Products such as petroleum products, chemical products, machinery, electronics, plastic and rubber products will suffer a loss of more than the national average of 20%. Products like gems and jewellery will contract by 12.5%, electronics items by 2.9%, chemicals by 4.8%, basic metals by 10% and minerals by 18%.
NEW TRENDS AFTER THE SECOND WAVE OF COVID-19 IN INDIA
India’s economy was coming on track and many agencies predicted India to be the only country having the highest rate of growth but rather than the highest GDP, we had the highest number of COVID-19 cases. By the month of March 2021, the second wave of COVID-19 hit the nation so badly that India recorded around 4 lakh cases per day, which was the highest per day cases any country witnessed till now! The longer the second wave will last, the more severe would be the adverse impact on the Indian economy. Following the recent trends under which many states had to go with the decision of partial lockdown, the RBI pegged India’s growth at 10.5% while IMF revised it at 12.5%. Though these growth rates are still higher than China whose predicted growth rate has been pegged at 8.4%, the roadmap to achieve this high growth rate will be challenging for India.
Results and Discussion
The spiralling and ubiquitous COVID-19 pandemic has destroyed the world’s growing economy in the most unprecedented way. Though the nations and corporations have understood the magnitude of the pandemic, the only way out is to learn from the mistakes and prepare for a sustainable future. Government could have prevented the second wave of COVID-19 and could have managed the economy in much better ways.
The lockdown was necessary to control the spread of the virus but it led to a supply shock, a demand shock, and a market shock. Now the recovery depends on the fiscal measures that will be taken by the government. Some of the following policy steps that the Indian government can take are :
Many economists have reiterated this point ‘Give money into the hands of the poor. It will increase the purchasing power of people and therefore demand’. The government through DBT (Direct Benefit Transfer) mechanism can increase the cash spending to women, farmers, and other vulnerable groups. The whole nation saw the healthcare sector crumble during the second wave of COVID-19. Therefore, the need of the hour is to increase the public and private investment in the healthcare sector through CSR spending.
The government’s production-linked incentive scheme was a welcome step in which 10 sectors were identified initially. Now, industrial activity has to be expanded in the rural areas. It can be done by reducing the logistic costs and improving the port-hinterland connectivity, enabling the shift towards renewable sources of energy, and incentivizing the production of recycled water for industrial purposes.
Under the National Broadband Mission, the government should strive to increase the investments in digital infrastructure to enhance rural connectivity. The vision of improving digital literacy can be achieved by building more training centers under the PM Gramin Digital Saksharta Abhiyan.

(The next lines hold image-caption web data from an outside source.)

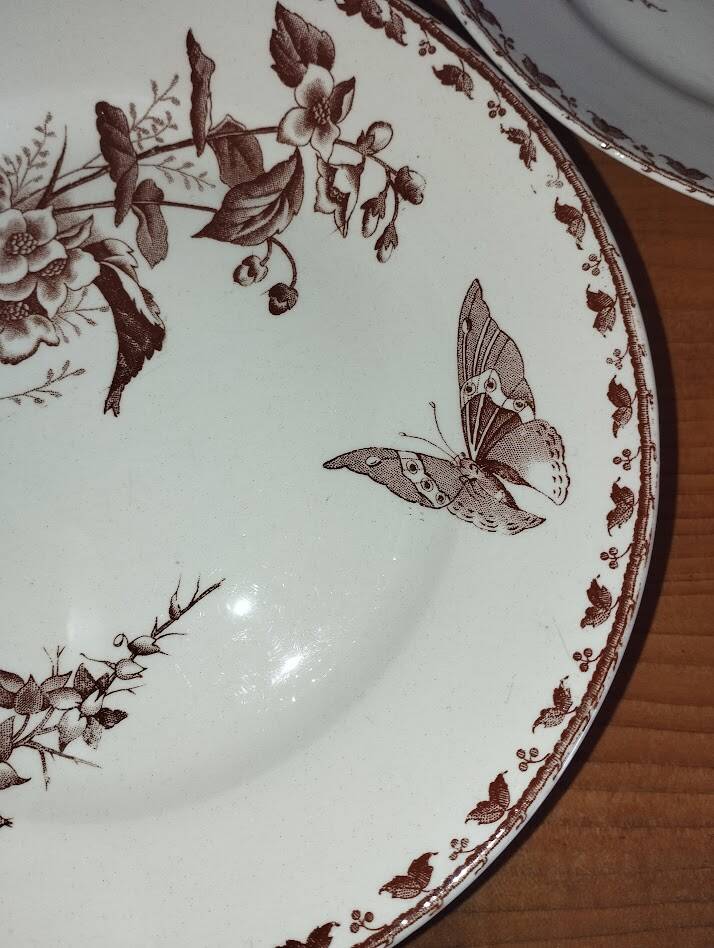 Tiered plates and compote dish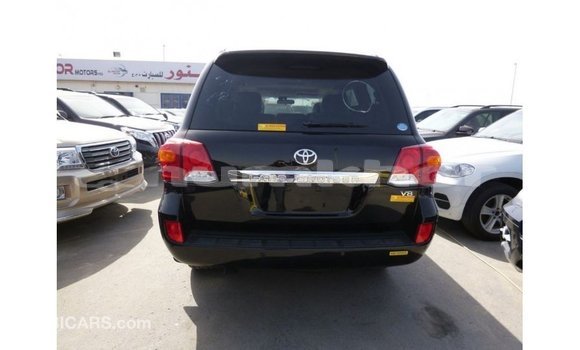 Buy Import Toyota Land Cruiser Black Car in Import - Dubai in Bumthang Buy Import Toyota Land Cruiser Black Car in Import - Dubai in Bumthang
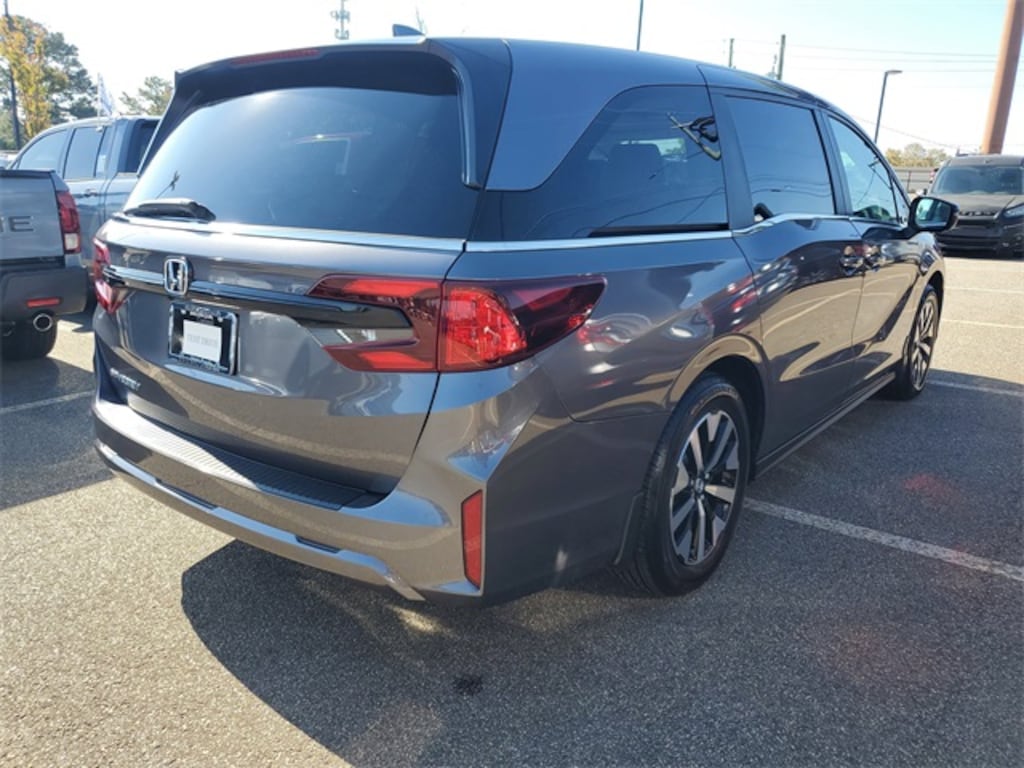 Certified 2025 Honda Odyssey EX-L Van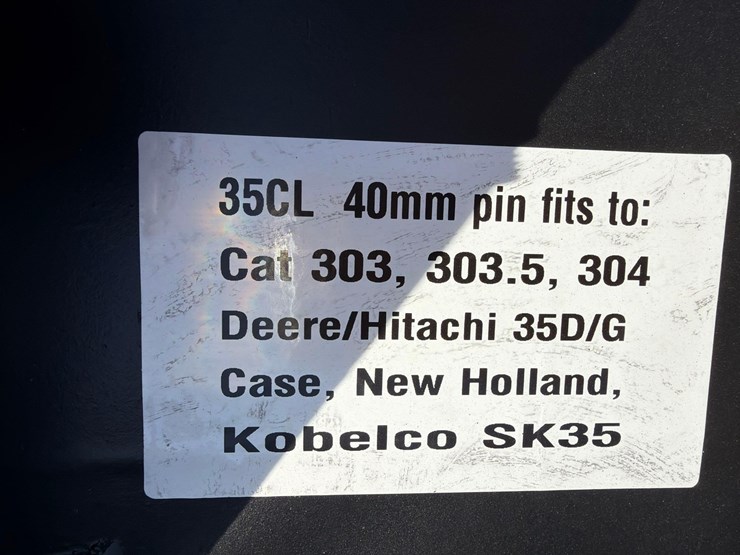 caterpillar-303-image-3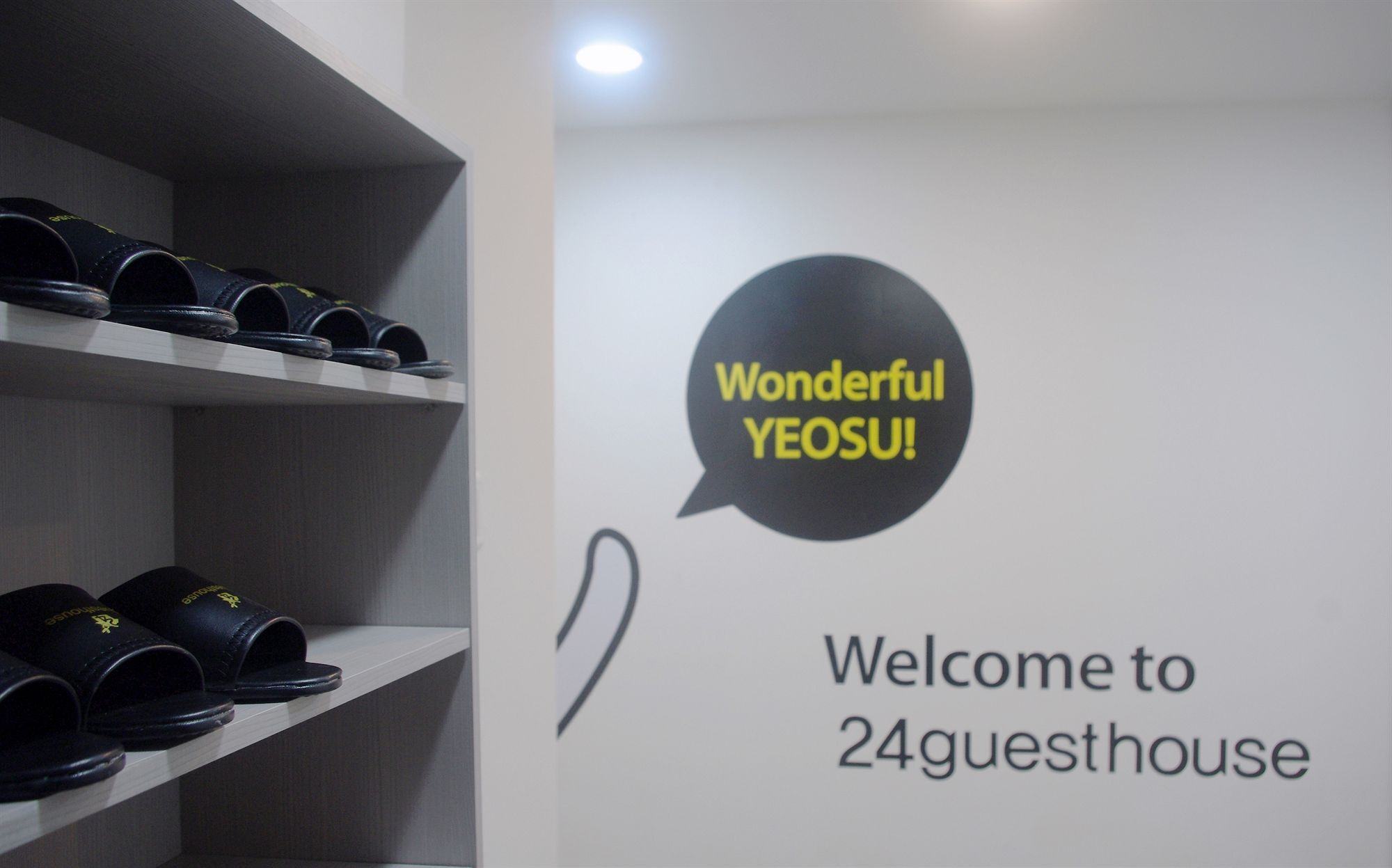 24 Guesthouse Yeosu Exterior foto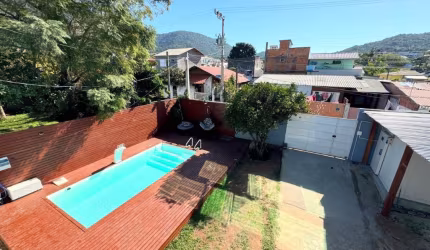 Casa com 7 Quartos à venda, 160m² - São João do Rio Vermelho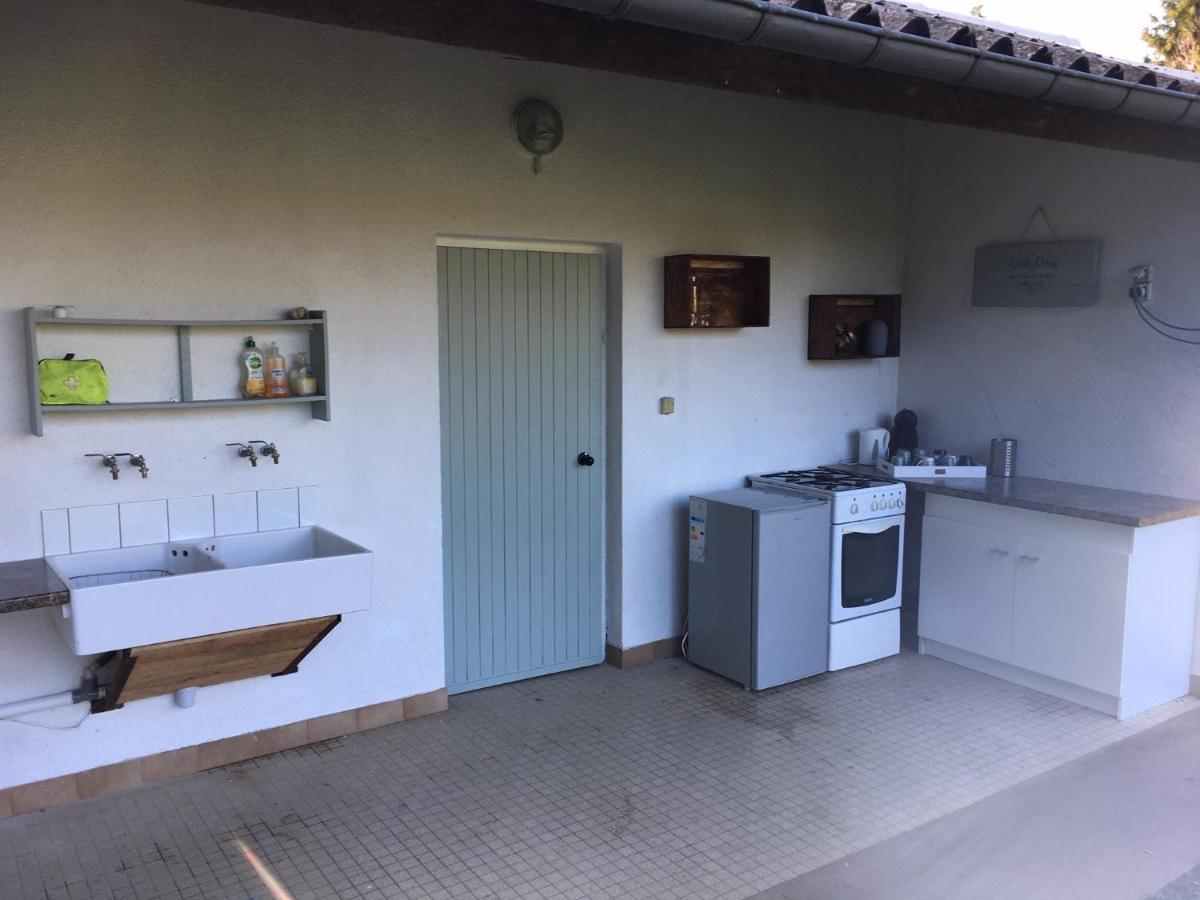 Charming 2-Bed Cabin In Domfront-En-Poiraie Perrou Exterior photo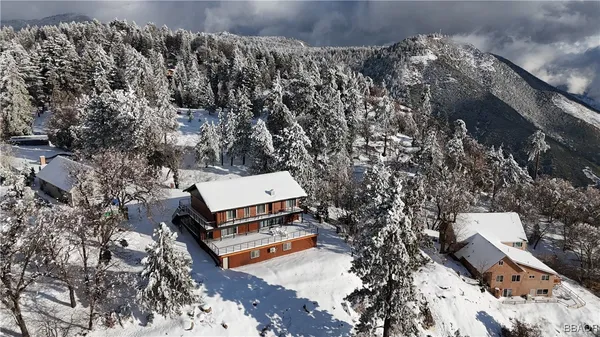$1,500,000 | 31601 Highway 330, Running Springs, CA 92382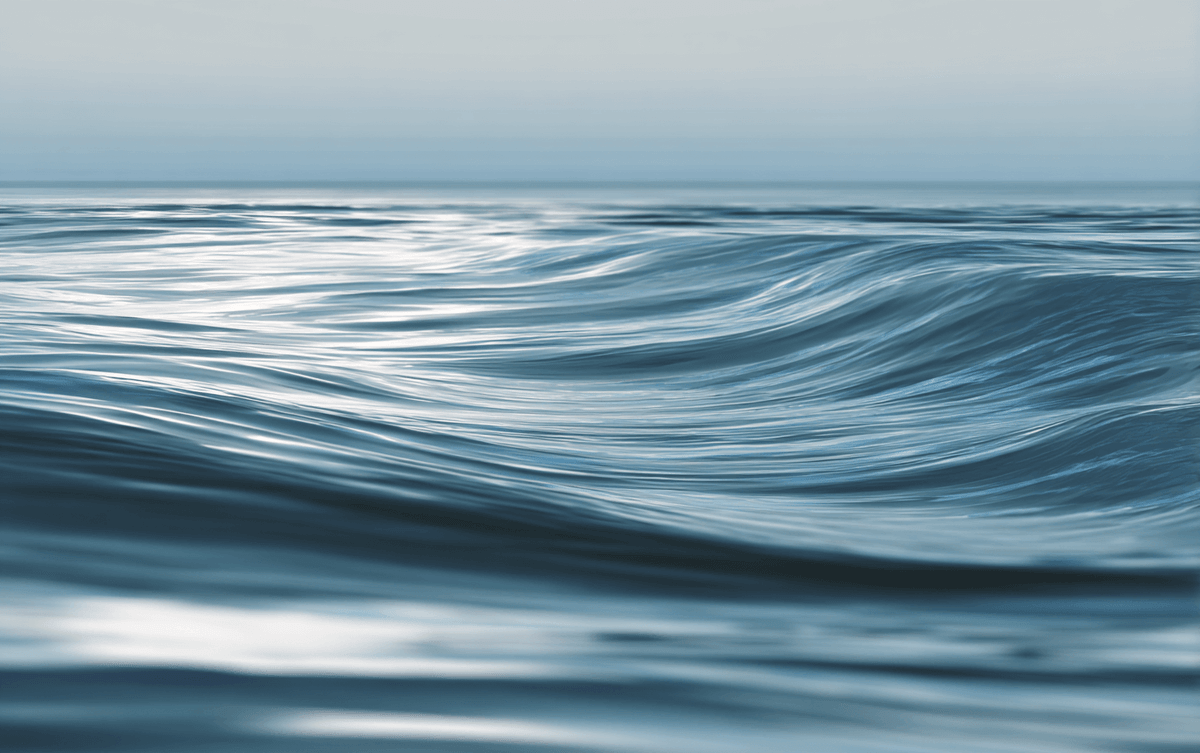 Soft, rhythmic ocean waves illustrating nervous system pacing Soft, rhythmic ocean waves illustrating nervous system pacing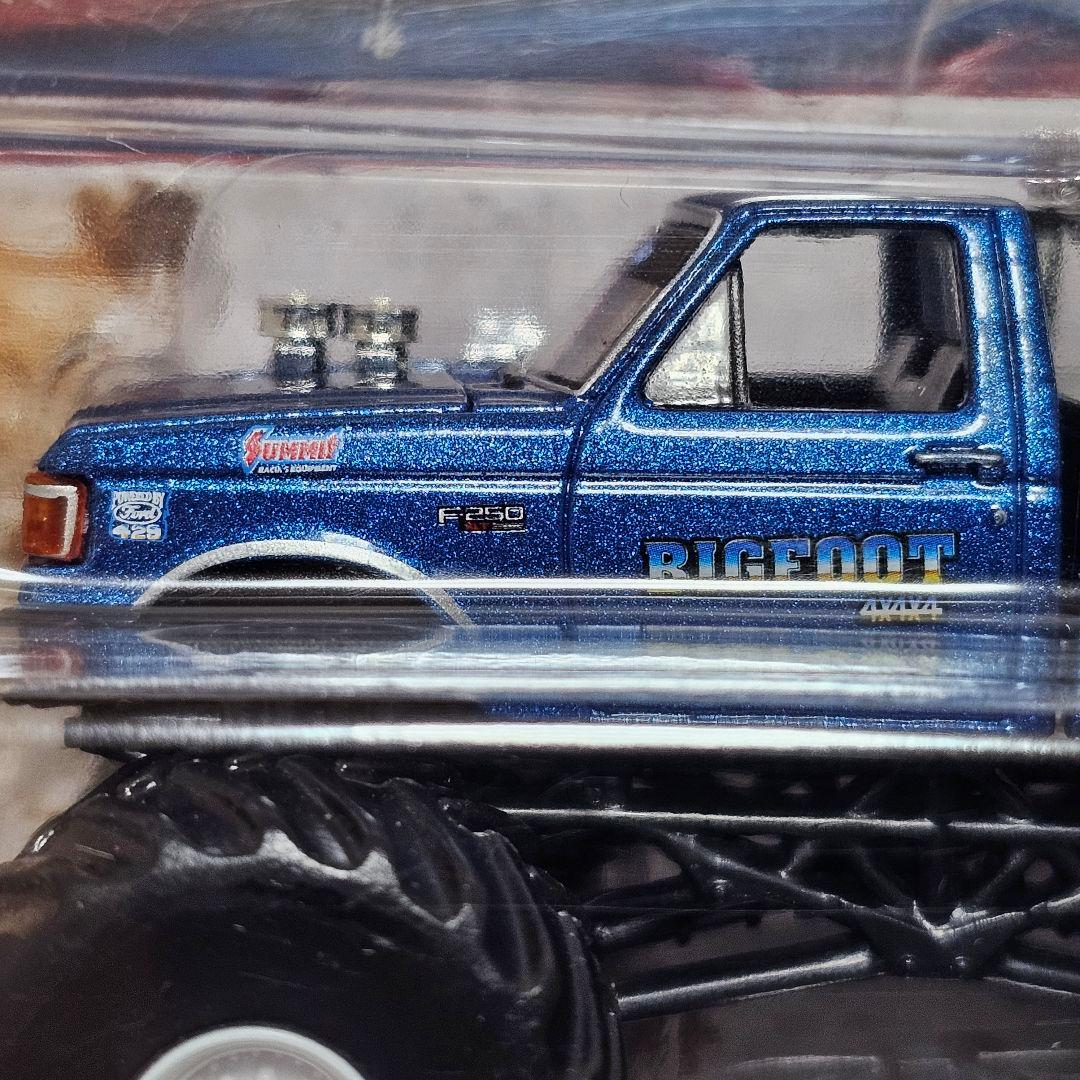 グリーンライト　ビッグフット　#3　モンスタートラック　ビッグタイヤ　1/64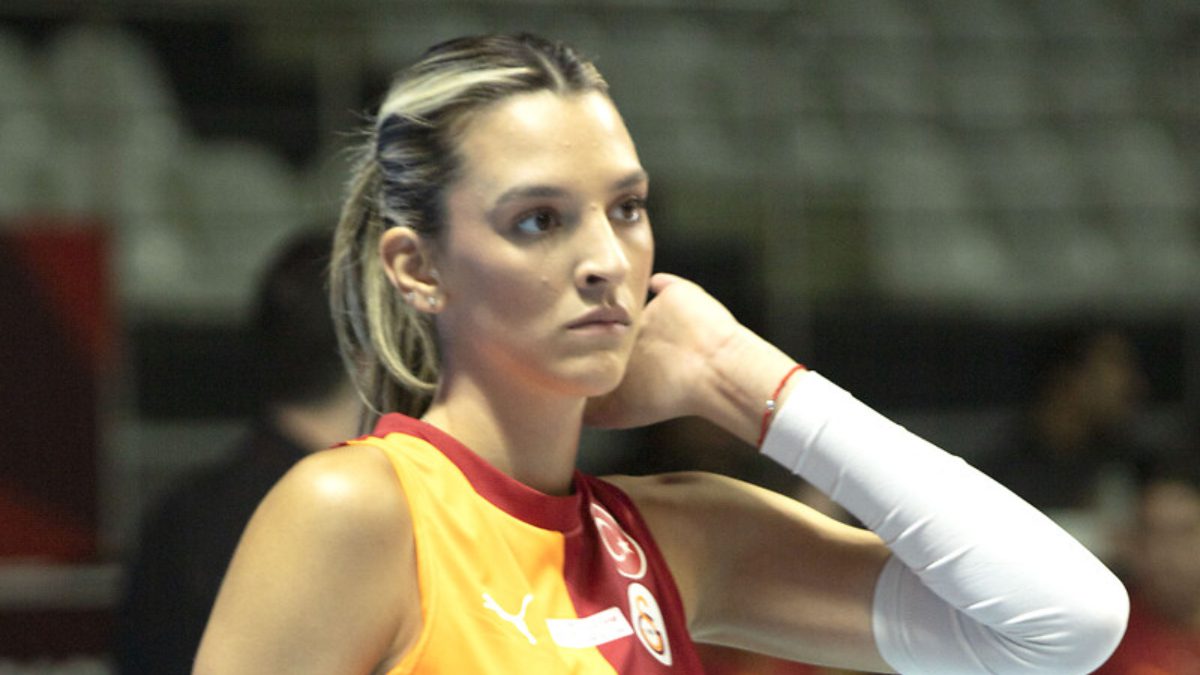 Galatasaray Kadın Voleybol Takımı, oyuncusu Alexia Carutasu'nun sağlık durumu hakkında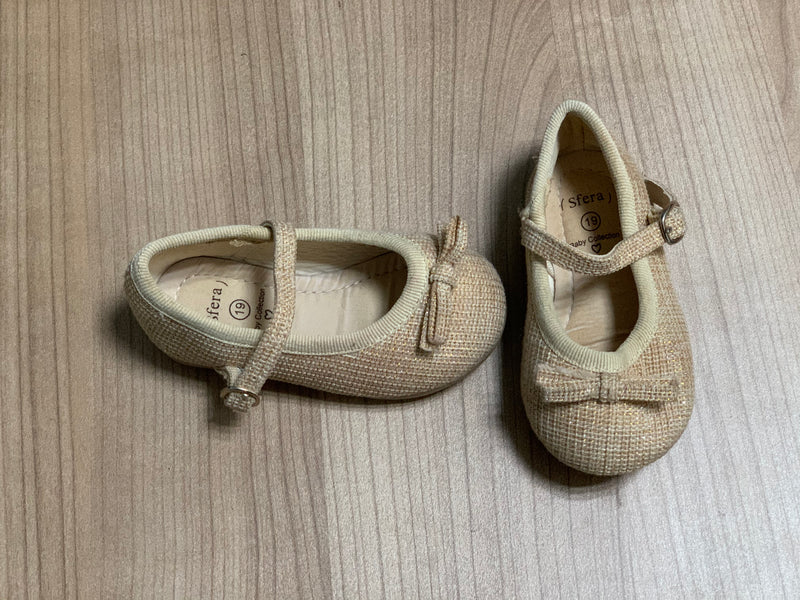 Zapatos cerados casuales para niñäs DISPONIBLE EN MALABO
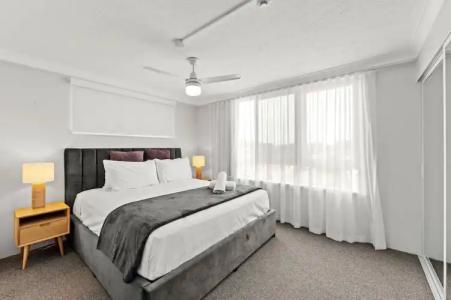 Burleigh Beach Tower - 145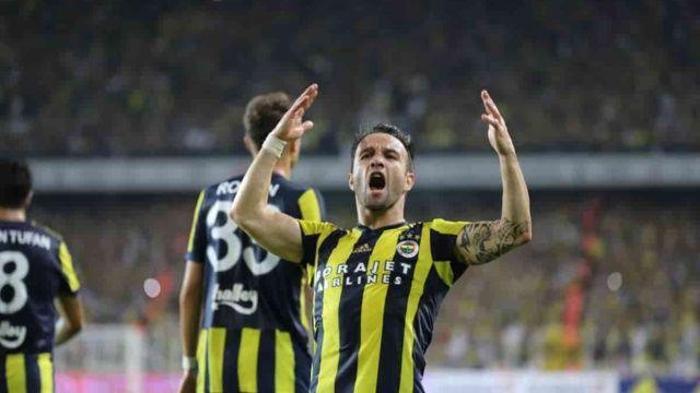 Fenerbahçe teknik direktörü Aykut Kocamanın Mathieu Valbuena kararı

In the absence of targeted public investment, India risks moving from a V-shaped economic recovery towards a K-shaped one, characterized by increasing poverty and inequality amongst some groups, even as others recover. As the second wave ravages the country, the focus must remain on bridging the growing rural-urban economic divide.
Every crisis brings about a unique opportunity to rethink on the path undertaken for the development of a human being, community and society. The COVID-19 pandemic has a clear message for the Indian economy to adopt sustainable developmental models, which are based on self-reliance, inclusive frameworks and are environment friendly.